11. Limitation of Liability. NETMERCURY SHALL NOT BE LIABLE FOR COSTS OF PROCUREMENT OF SUBSTITUTE PRODUCTS OR SERVICES, NOR FOR ANY LOSS OF BUSINESS, LOSS OF USE OR OF DATA, INTERRUPTION OF BUSINESS, LOST PROFITS OR GOODWILL, OR OTHER INDIRECT, SPECIAL, INCIDENTAL, EXEMPLARY OR CONSEQUENTIAL DAMAGES OF ANY KIND ARISING OUT OF THIS AGREEMENT, EVEN IF NETMERCURY HAS BEEN ADVISED OF THE POSSIBILITY OF SUCH LOSS, AND NOTWITHSTANDING ANY FAILURE OF ESSENTIAL PURPOSE OF ANY LIMITED REMEDY. THIS EXCLUSION INCLUDES ANY LIABILITY THAT MAY ARISE OUT OF THIRD-PARTY CLAIMS AGAINST BUYER. NETMERCURY'S TOTAL LIABILITY UNDER THIS AGREEMENT WITH RESPECT TO ANY PRODUCT SOLD HEREUNDER SHALL IN NO EVENT EXCEED THE PRICE PAID BY BUYER FOR SUCH PRODUCT.
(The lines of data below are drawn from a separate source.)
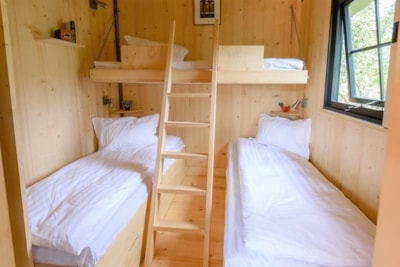 Wooden cabin on stilts “L'Encantada”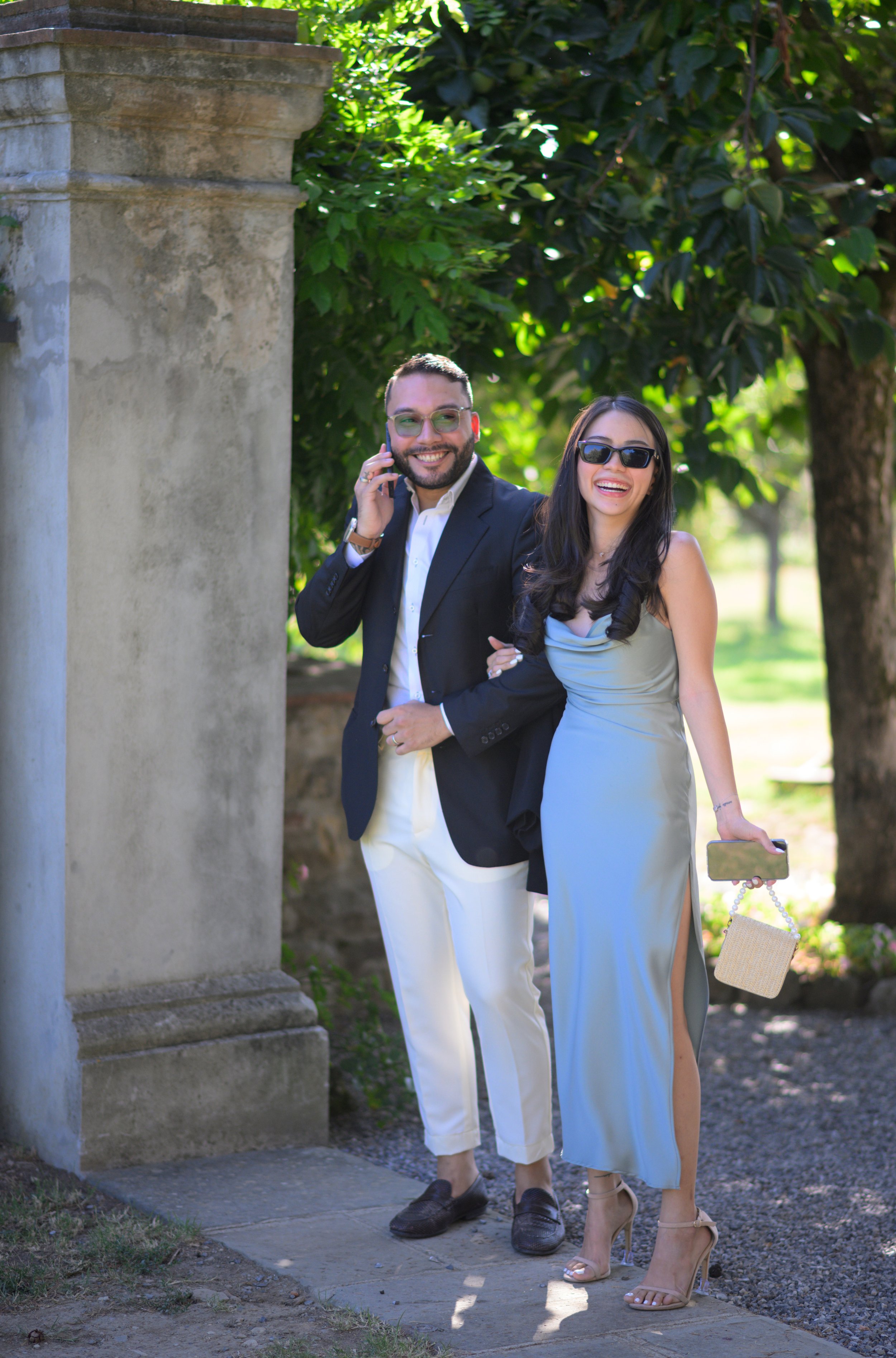 Due persone sorridenti in piedi in un giardino, una con abito lungo azzurro e l'altra in completo giacca scura e pantaloni chiari. La donna tiene una piccola borsetta e un cellulare, mentre l'uomo parla al telefono.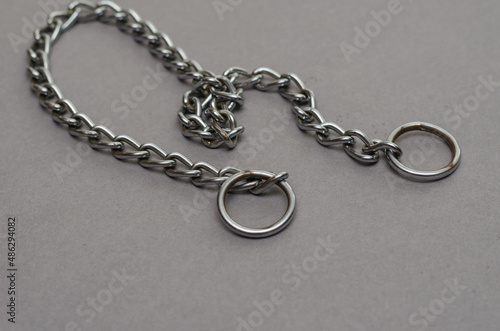 Silver metal chain with two rings on a gray background. Tugging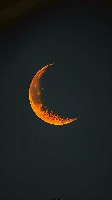 Minimalist Tangerine Orange Crescent on Black Background Wallpaper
12. General. These Terms and performance by the parties hereunder shall be construed in accordance with the laws of the State of California, U.S.A., without regard to provisions on the conflicts of laws. Buyer and netMercury consent to the exclusive jurisdiction of, and venue in, the state and federal courts of the City and County of San Francisco, California, U.S.A. and no other place. Buyer shall not assign its order or any interest therein or any rights thereunder without the prior written consent of netMercury. Neither party shall be liable for delays in performance (or for non-performance) of that party's obligations hereunder as a result of a force majeur; the affected party shall resume performance as soon as reasonably possible. These Terms constitute the entire agreement between netMercury and Buyer and supersede all previous communications, representations and agreements (except for the Agreement), whether oral or written, between the Buyer and netMercury with respect to the subject matter hereof. These Terms may not be modified, supplemented, qualified, or interpreted except in writing signed by Buyer and netMercury. The failure by netMercury to enforce at any time any of the provisions in these Terms will in no way be construed as a waiver of such provisions.